In [5], Xavier et al. presented a Markovian approach for RAT selection in an HWN. They developed an analytical model for a RAT-selection algorithm in an HWN comprising GSM/EGDE and UMTS. The proposed algorithm selects just one RAT for each incoming call.
In [6], Guo et al. proposed a RAT selection algorithm that uses a fuzzy multiple objective decision-making technique to select the most suitable RAT for each incoming call in an HWN.
In [7], Wu and Sandrasegaran conducted a study of RAT selection algorithm in a heterogeneous UMTS-GSM network.

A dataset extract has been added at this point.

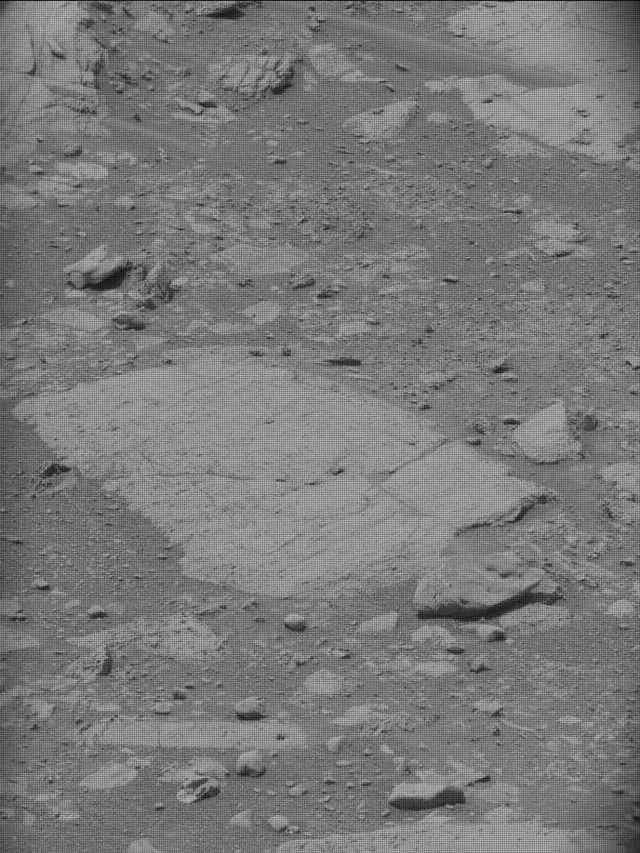 Sol 4302: Mast Camera (Mastcam)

All the RAT-selection algorithms reviewed above were designed to select the most suitable RAT for just one incoming call in HWNs. None of the RAT-selection algorithms considered the problem of RAT selection for a group of calls (multiple calls) from a multimode terminal (MT) in HWNs.

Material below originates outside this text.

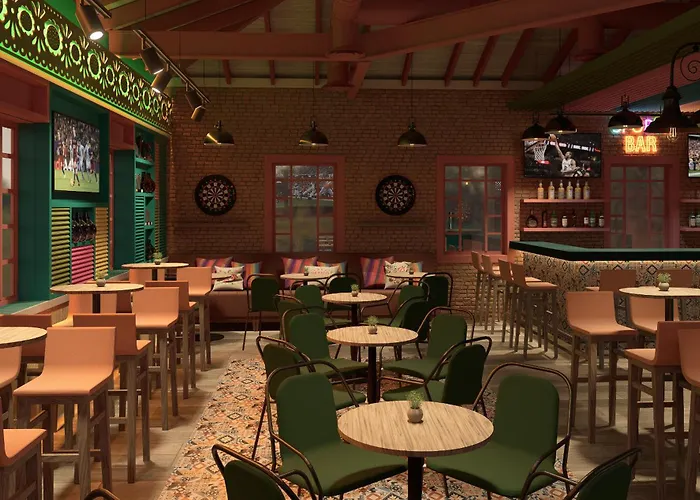 Resort Bahia Principe Escape Tequila (adults Only) 5*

Multimode terminals (MTs) for next generation wireless networks have the capability to support two or more classes of calls simultaneously. Thus in a multi-service HWN, a subscriber using a multimode terminal (MT) will be able to access multiple services (such as voice, web session, video streaming, etc.) simultaneously, through any of the available RATs. Therefore, a group-call RAT selection problem occurs when a single RAT is to be selected for multiple classes of calls initiated from a multimode terminal in an HWN or when multiple classes of calls from a multimode terminal are to be handed over from one RAT to another.

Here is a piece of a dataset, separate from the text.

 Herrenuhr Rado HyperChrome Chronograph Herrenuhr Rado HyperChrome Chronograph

Fig. 2 illustrates the problem considered in this paper, where a RAT is to be selected for multiple calls from an MT in an HWN.
As shown in Fig. 2, a user having an MT can initiate multiple calls from the MT, and a RAT has to be selected for the multiple calls in the HWN based on some RAT selection criteria. Different classes of calls have different QoS requirements, and different RATs in HWNs usually have different capabilities in terms of available data rate (bit per second), battery power consumption, security level provided, delay, etc. Selecting the most appropriate RAT for multiple calls from the MT in an HWN is a group decision problem. Existing RAT selection algorithms were not designed to select a RAT for multiple calls in HWNs.
Therefore, this paper addresses the problem of RAT selection for multiple calls from an MT using the modified TOPSIS group decision-making technique [8], [9].
The following are some reasons why it may be necessary to select a single RAT for multiple calls from a multimode terminal in HWNs: (1) to reduce handoff complexity, (2) to reduce signaling overhead, (3) to reduce battery power consumption, and (4) to accommodate low-capability multimode terminals.
If multiples calls from an MT are admitted into different RATs in an HWN, coordination of handover procedure among the different RATs will be complicated, and incur excessive signaling overhead. Moreover, multiple RAT interfaces of the multimode mobile terminals will be activated, which may increase the overall battery power consumption of the multimode terminal. In addition, some multimode terminals can be connected to only one RAT at a time. If these low-capability multimode terminals are to support multiple services, group decision is inevitable. Thus, it is necessary to develop an algorithm that will select the most suitable RAT for a group of calls from an MT in HWNs.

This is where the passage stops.